Óbuda ist heute der III. Bezirk der ungarischen Hauptstadt, war aber bis 1973 eine eigenständige Stadt am Rand von Buda, dem alten Teil von Budapest. Neben dem Plattensee ist Óbuda die zweite große Partyregion in Ungarn. Wer nach Óbuda kommt, der kann sich praktisch vom frühen Abend bis zum frühen Morgen prächtig amüsieren, und das für sehr wenig Geld. Wer nach Budapest kommt, der sollte den Tag nutzen und sich die vielen schönen Sehenswürdigkeiten ansehen und am Abend in Óbuda auf die Piste gehen. Zum Einstimmen ist es eine gute Idee, in eine der vielen Borozos zu gehen, denn in diesen gemütlichen Weinstuben kann man meist sehr gut essen. Um 18°° Uhr wird es dann Zeit, die Clubs, Bars und Discos in Óbuda zu besuchen.

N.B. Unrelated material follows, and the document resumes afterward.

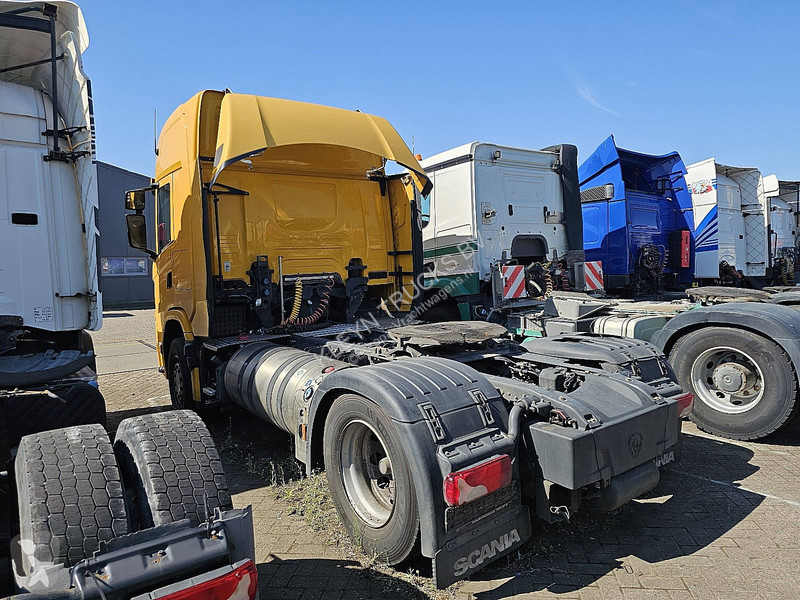 Scania 410 tractor unit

Das E-Play ist eine der bekanntesten Clubs in Óbuda, wo sich die Reichen und Schönen der Hauptstadt treffen. Der Club liegt über dem prachtvollen Bahnhof Nyugati und alle, die gerne gute House Musik hören wollen und in einem fantastischen Ambiente abtanzen möchten, die werden sich im E-Play mit Sicherheit sehr wohlfühlen.
Das Franklin Trocadero Café ist perfekt für alle, die lateinamerikanische Musik mögen und die auch an den Retro Charts Gefallen finden. Beeindruckend sind vor allem die lange Bar und die bunten Cocktailkreationen, die dort gemixt werden.

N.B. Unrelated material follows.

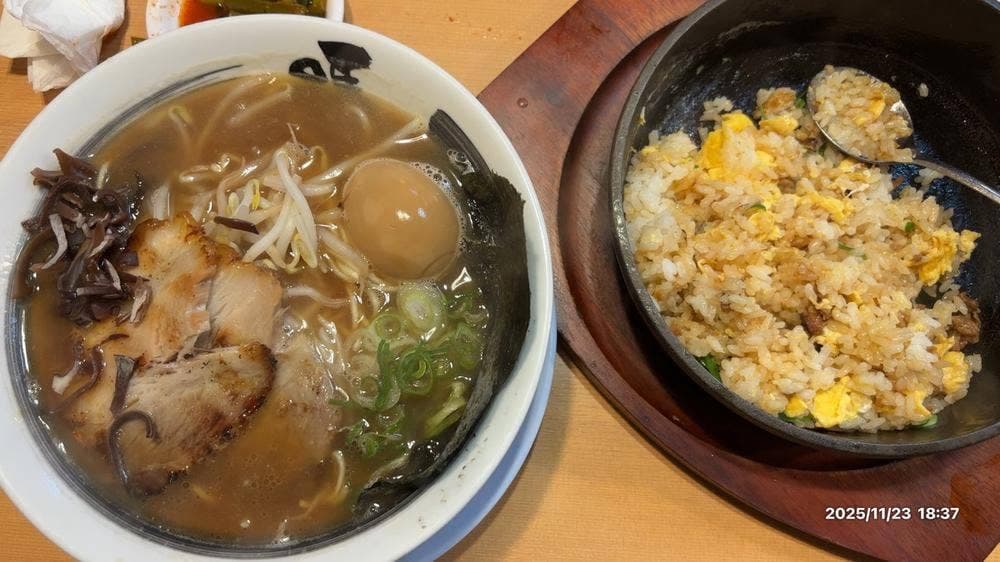 とんこつ鶏ガラ醤油 ばり馬 熊野店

Guter Jazz wird besonders im Keller-Club Nincs aufgelegt. Am Wochenende spielen dort auch Livebands und man sollte sich früh anstellen, denn der Club ist beliebt und meist rappelvoll.
Das Tanzcafé Piaf ist für alle ideal, die die Nostalgie lieben, denn das Ganze wirkt wie ein Tanzcafé aus den 1920er Jahren, die Musik ist allerdings von heute und besonders die lebhafte Bar ist ein Ort, an dem man sich die ganze Nacht wohlfühlen kann.
Das Supersonic Technicum ist eine ehemalige Fabrikhalle und der beste, aber auch der lauteste Ort in Óbuda und perfekt für alle, die auf Techno und aufwendige Lasershows stehen.